▶ _Information shown_:

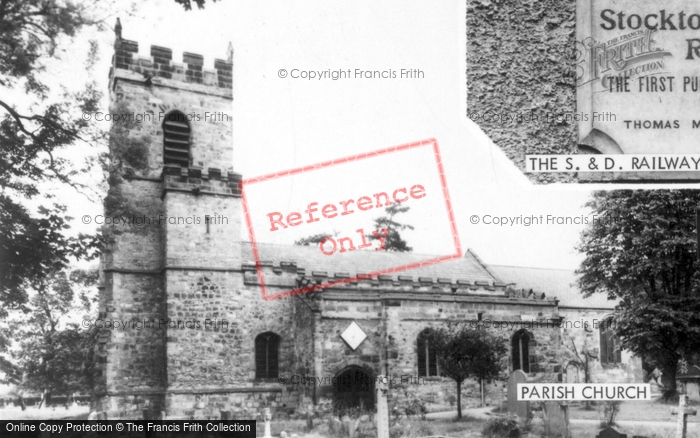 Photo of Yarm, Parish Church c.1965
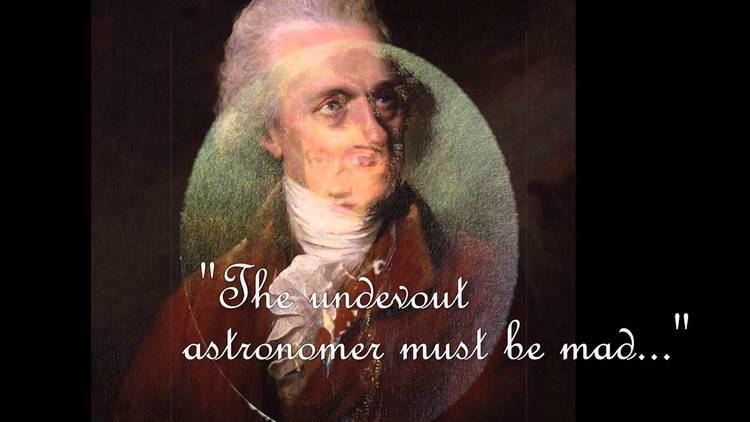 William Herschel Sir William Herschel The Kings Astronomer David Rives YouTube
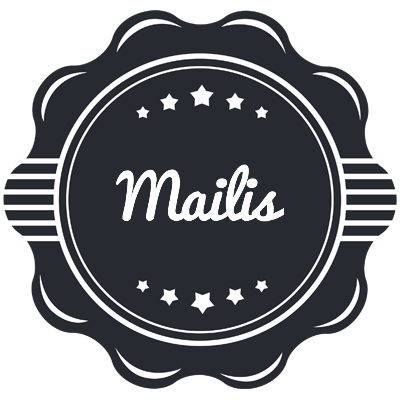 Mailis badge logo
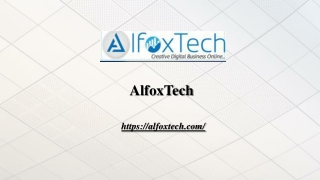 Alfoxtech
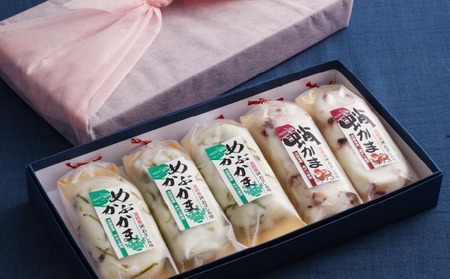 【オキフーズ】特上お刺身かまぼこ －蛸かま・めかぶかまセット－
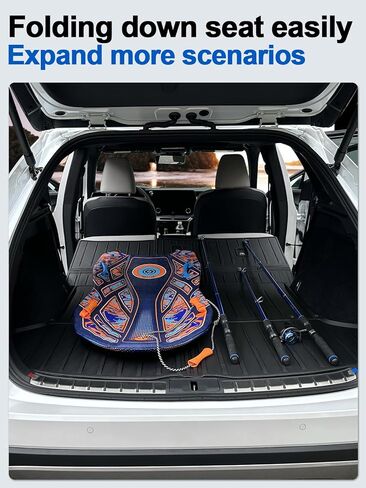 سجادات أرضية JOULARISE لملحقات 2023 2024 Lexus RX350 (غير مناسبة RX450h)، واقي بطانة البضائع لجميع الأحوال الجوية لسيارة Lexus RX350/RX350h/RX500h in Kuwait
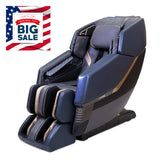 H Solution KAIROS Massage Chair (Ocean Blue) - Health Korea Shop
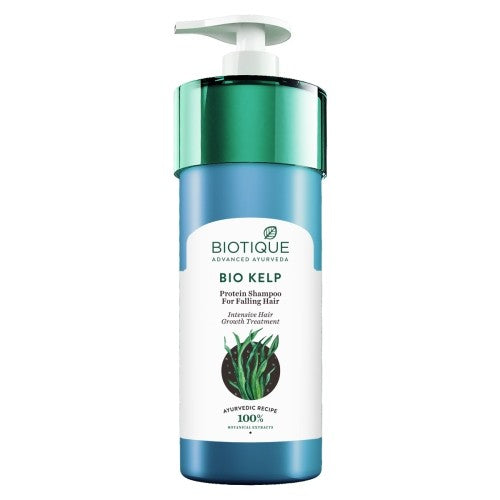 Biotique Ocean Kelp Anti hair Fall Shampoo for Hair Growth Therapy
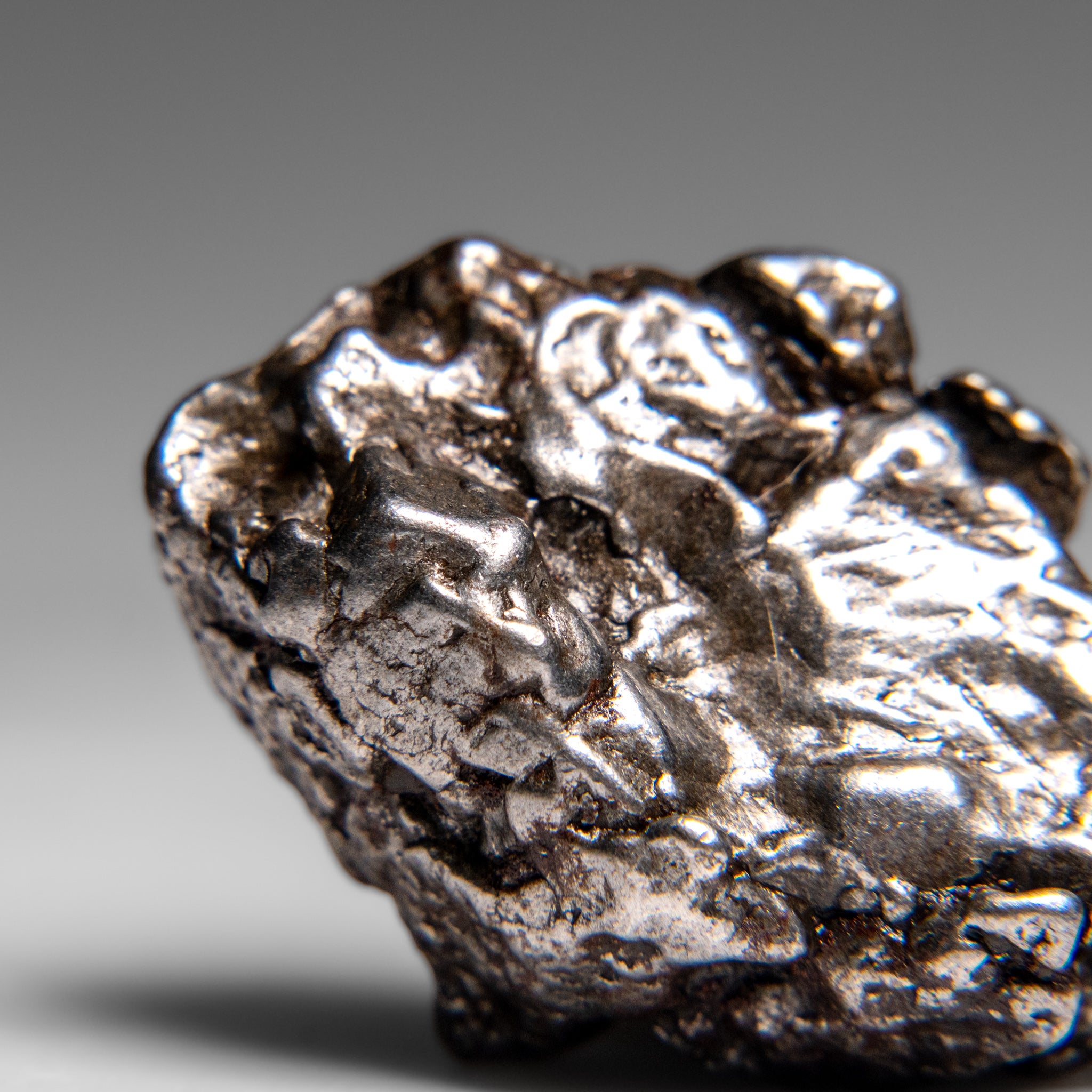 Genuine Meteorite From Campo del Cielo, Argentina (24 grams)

▶ _Required work_: Exactly the lines from the line containing "سجادات أرضية JOULARISE" to the end of the records need to be copied, both ends included, with pictures left out.

▶ _Your response_:
 سجادات أرضية JOULARISE لملحقات 2023 2024 Lexus RX350 (غير مناسبة RX450h)، واقي بطانة البضائع لجميع الأحوال الجوية لسيارة Lexus RX350/RX350h/RX500h in Kuwait
 H Solution KAIROS Massage Chair (Ocean Blue) - Health Korea Shop
 Biotique Ocean Kelp Anti hair Fall Shampoo for Hair Growth Therapy
 Genuine Meteorite From Campo del Cielo, Argentina (24 grams)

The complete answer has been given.